Source (Inmet): “AI Overview” per internet search. After Inmet was acquired by First Quantum in 2013, their SEDI records were purged.

DISTRIBUTION OF AWARD PROCEEDS WHEN RECEIVED

Upon receipt of the Award, the first moneys out will go to our funding partner, Bench Walk LP. They took the risk, put the money up and get the first slice of the pie.

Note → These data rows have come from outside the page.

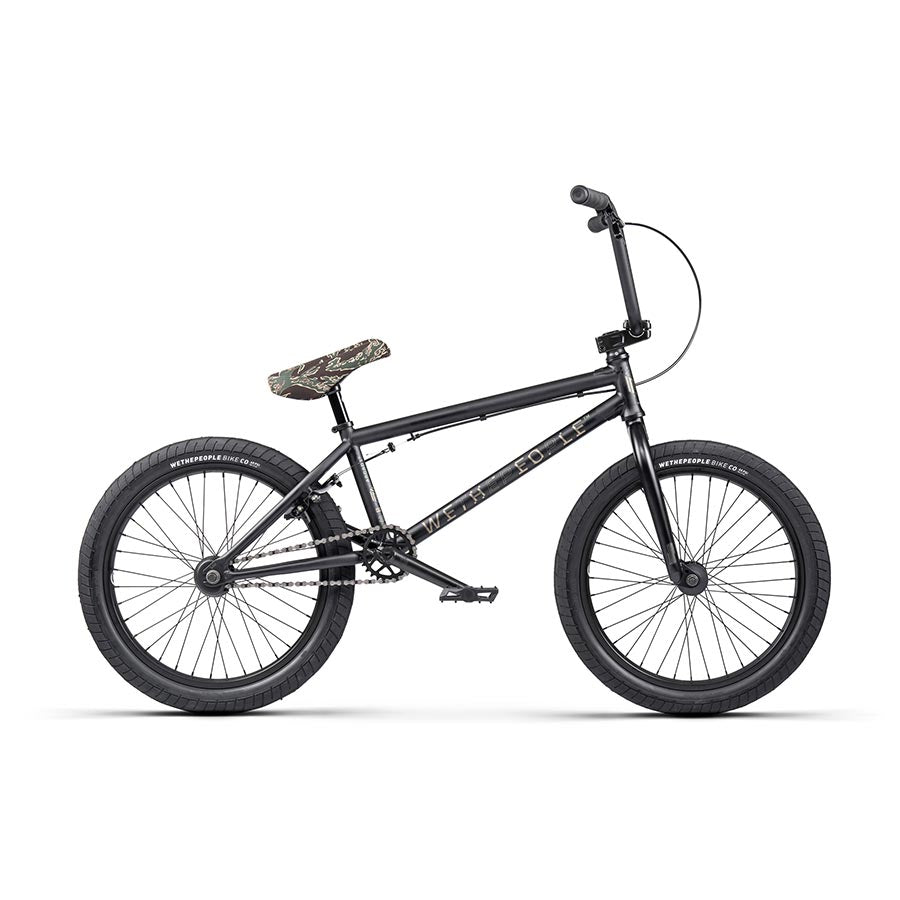 We The People Arcade BMX 20 Matte Black 21 – The Bike Hub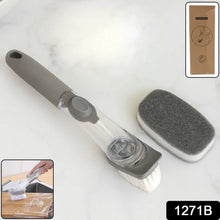 2 in 1 Soap - Dispensing Dish Brush - (Set) - justgrabit.in | Just Grab It
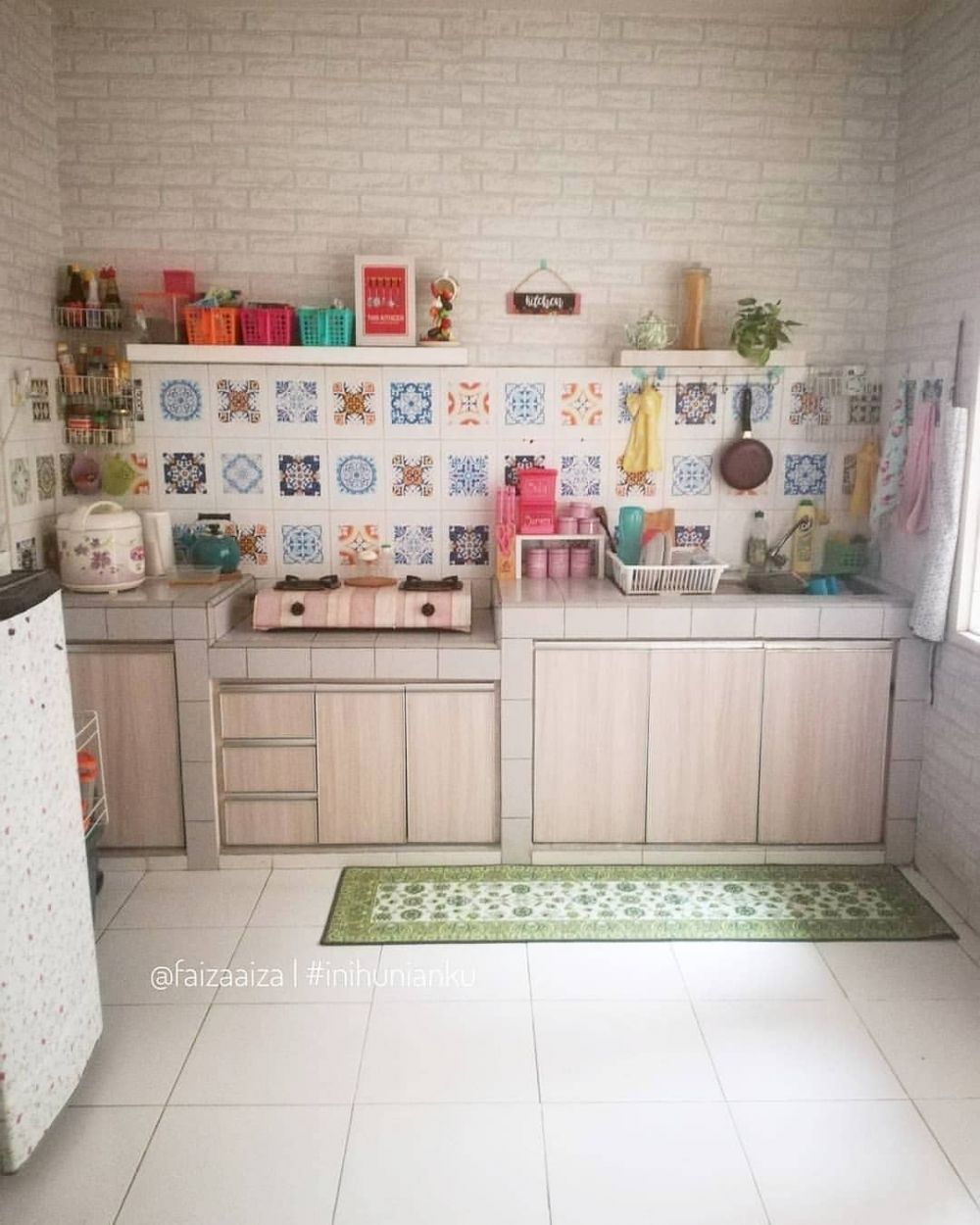 dapur minimalis keren kece instagram Desain dapur, Dapur luar dapur minimalis keren kece instagram Desain dapur, Dapur luar
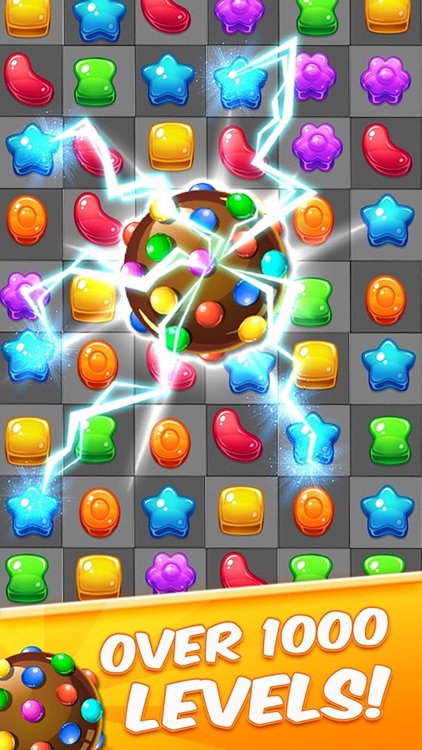 CANDY SUGAR SMASH - Free Puzzle Game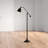 Totham 54.25'' Bronzed Task Floor Lamp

By far the largest percentage of the Award will be distributed to holders of Contingent Value Rights (CVR’s).

As announced by the Company on May 3, 2022 (see https://lupakagold.com/news/lupaka-to-issue-contingent-value-rights-and-consolidate-its-common-shares/) , each shareholder of record as of May 18, 2022 (the “Record Date”) would receive a Contingent Value Right (“CVR”), which was completed on or about June 7, 2022, with 160,277,702 CVR’s being issued by the Company’s transfer agent (Computershare Trust Company of Canada).

Each CVR entitles the holder to receive a pro rata portion of any net amount (“CVR Payment”) available for distribution if the Company receives a cash award in the Company’s ongoing arbitration proceedings with the Republic of Peru (the
Arbitration”).

The CVR Payment will be calculated by deducting from the Award proceeds certain amounts, including the fees of the Company’s Arbitration funder (Bench Walk Advisors (www.benchwalk.com), legal counsel (www.lalive.law), accrued payables, the costs of any CVR distribution(s), withholding and distribution tax costs, and up to C$8 million to be retained by the Company for working capital and other corporate purposes.

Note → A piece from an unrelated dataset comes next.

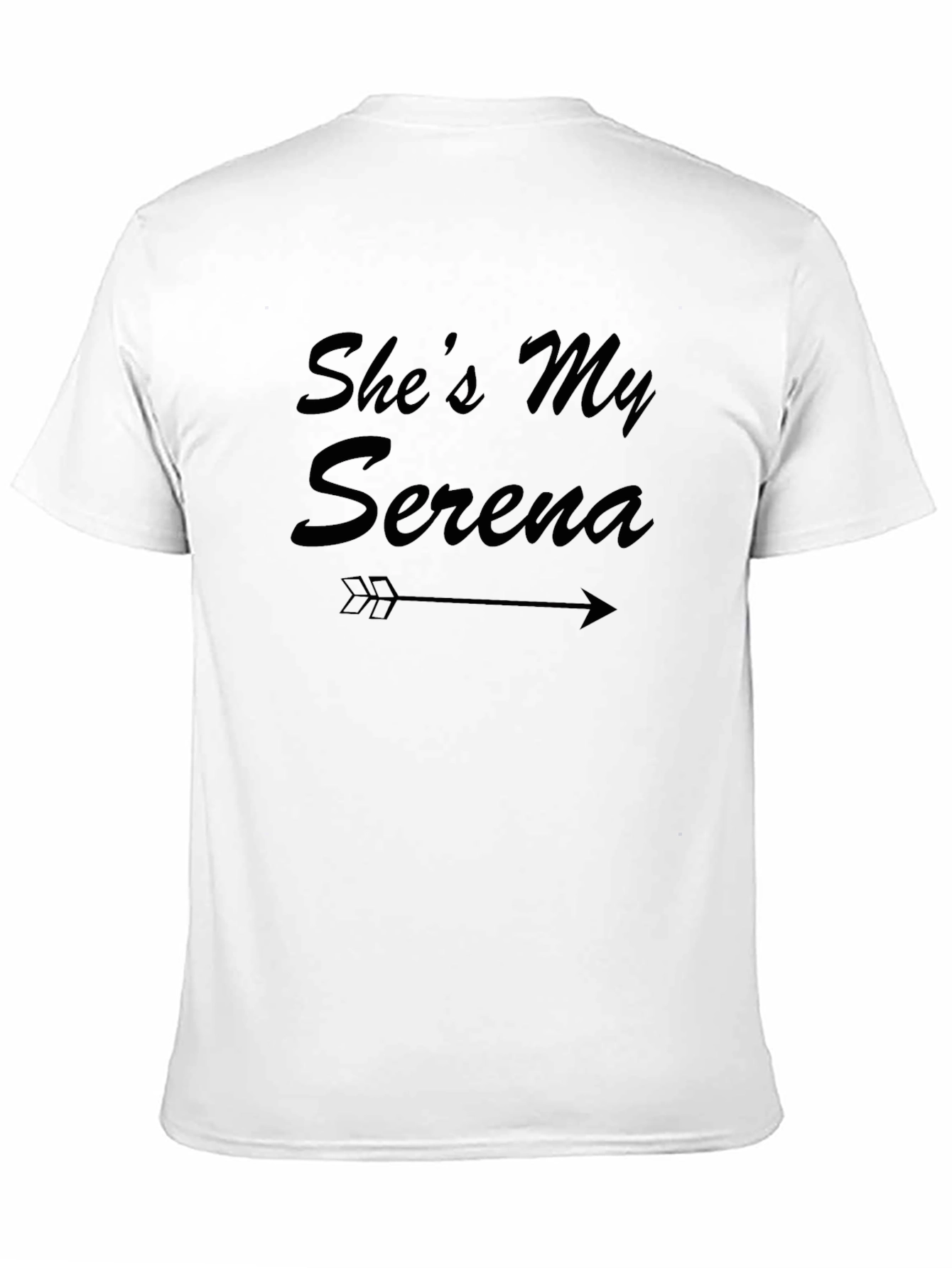 Shes My Serena Matching Couple T-Shirt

The Company anticipates issuing the CVR Payments by way of a one-time special dividend to CVR holders. The CVRs are governed by the terms of an indenture between the Company and Computershare Trust.

The issuance of the CVRs by the Company was done to crystallize the entitlement of shareholders in place when the Company lost its Invicta Project to a portion of any Arbitration award received by the Company and prevent dilution of this entitlement through future share consolidation(s) or issuances of the Company.

NEXT STEP(S)
Lupaka has contacted Peru and its counsel to request payment and is awaiting response and payment.

RELATED ARTICLE(S)
From: Digital Journal of Mining and Energy
3 July 2024 (https://www.dipromin.com/noticias/mineria/lupaka-gold-gana-arbitraje-contra-peru-por-65-millones-y-sus-acciones-se-disparan/)
“……..In November 2020, Lupaka filed a lawsuit with ICSID, alleging that the Peruvian government supported the community that blocked the project, violating the Canada-Peru Free Trade Agreement. It requested more than $100 million in compensation. Now, the court ruling determines that the state must pay $65 million, although Lupaka warns that payment will not be immediate and that there may still be legal proceedings before receiving the amount.
With the final ruling, the enforcement phase begins, during which the mining company may demand payment of the award. However, Peru could file appeals or use diplomatic mechanisms to delay actual collection, which will also depend on political agreements and guarantees to protect Peruvian assets. If Lupaka receives payment, its financial balance will be strengthened, which could boost the reactivation of projects in both Peru and Canada.
This case sets an important precedent for the international mining industry, sending a clear message about legal protection for foreign investment. Although the legal process is not completely closed, the victory represents a significant advance in the credibility and institutional support the sector requires to operate in complex environments.
Furthermore, the ruling affects communities beyond Lupaka, alerting local authorities and communities to the legal and economic consequences of blockades of mining projects. For investors, it reaffirms that a solid legal framework is essential to address operational risks. In the region, this ruling could motivate a review of strategies for managing community conflicts, promoting effective consultations, sustainable agreements, and greater legal certainty for future investments.”